Segment Open
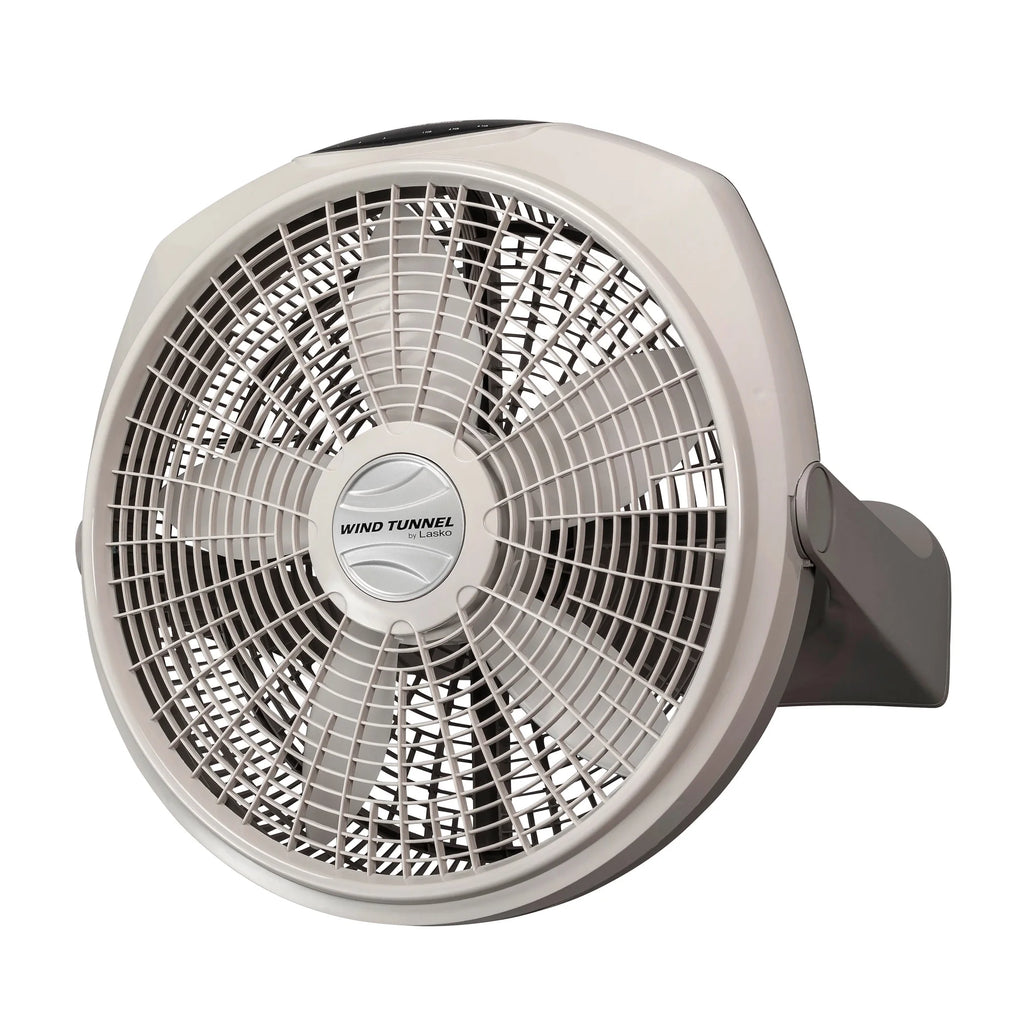Wind Tunnel 20" 3-Speed Floor Fan with Remote Control Gray 7k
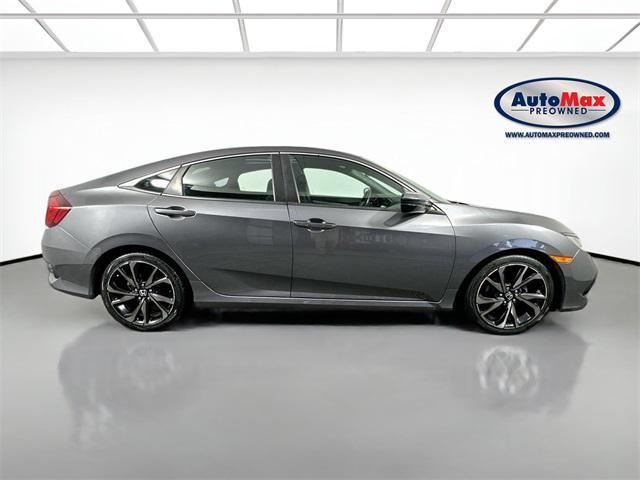 used 2021 Honda Civic car, priced at $21,500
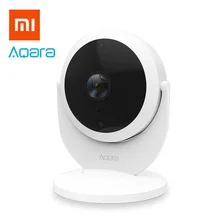 xiaomi aqara cam(gateway version) концентратор, с функцией шлюза 1080 P, 180 градусов просмотра для xiaomi mi home app smart kits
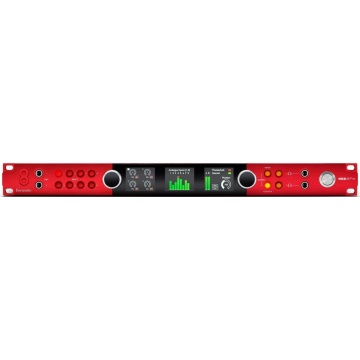 Focusrite Red 8Pre - Interfata audio 64x64 I/O cu Dante - Img 5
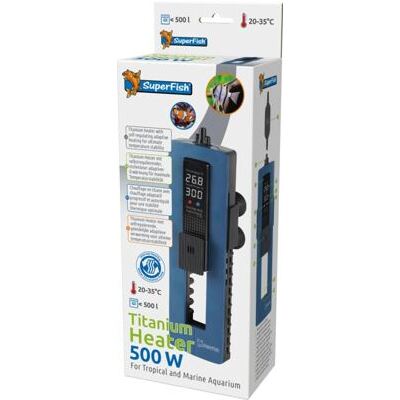 SF TITANIUM HEIZER 500 WATT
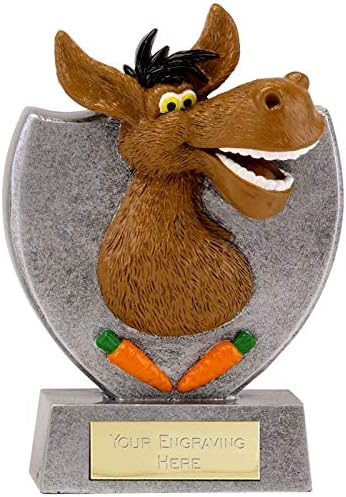 Personalised Engraved Donkey Award 5 1/2 Inch (14cm)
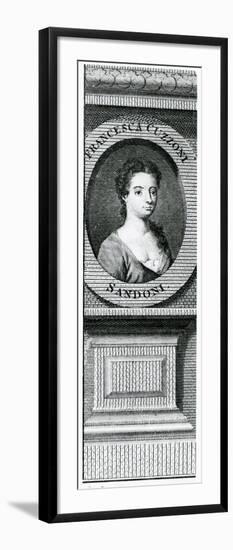 Francesca Cuzzoni (1696-1778)-Enoch Seeman-Framed Giclee Print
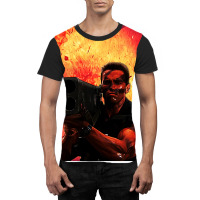 Commandoinspired Matrix Rocket Launcher Graphic  (1) Graphic T-shirt | Artistshot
Segment Closed
# Work task
Transcribe the listing above verbatim. Omit the pictures.

# Result of the exercise
Wind Tunnel 20" 3-Speed Floor Fan with Remote Control Gray 7k
 used 2021 Honda Civic car, priced at $21,500
 xiaomi aqara cam(gateway version) концентратор, с функцией шлюза 1080 P, 180 градусов просмотра для xiaomi mi home app smart kits
 Focusrite Red 8Pre - Interfata audio 64x64 I/O cu Dante - Img 5
 SF TITANIUM HEIZER 500 WATT
 Personalised Engraved Donkey Award 5 1/2 Inch (14cm)
 Francesca Cuzzoni (1696-1778)-Enoch Seeman-Framed Giclee Print
 Commandoinspired Matrix Rocket Launcher Graphic  (1) Graphic T-shirt | Artistshot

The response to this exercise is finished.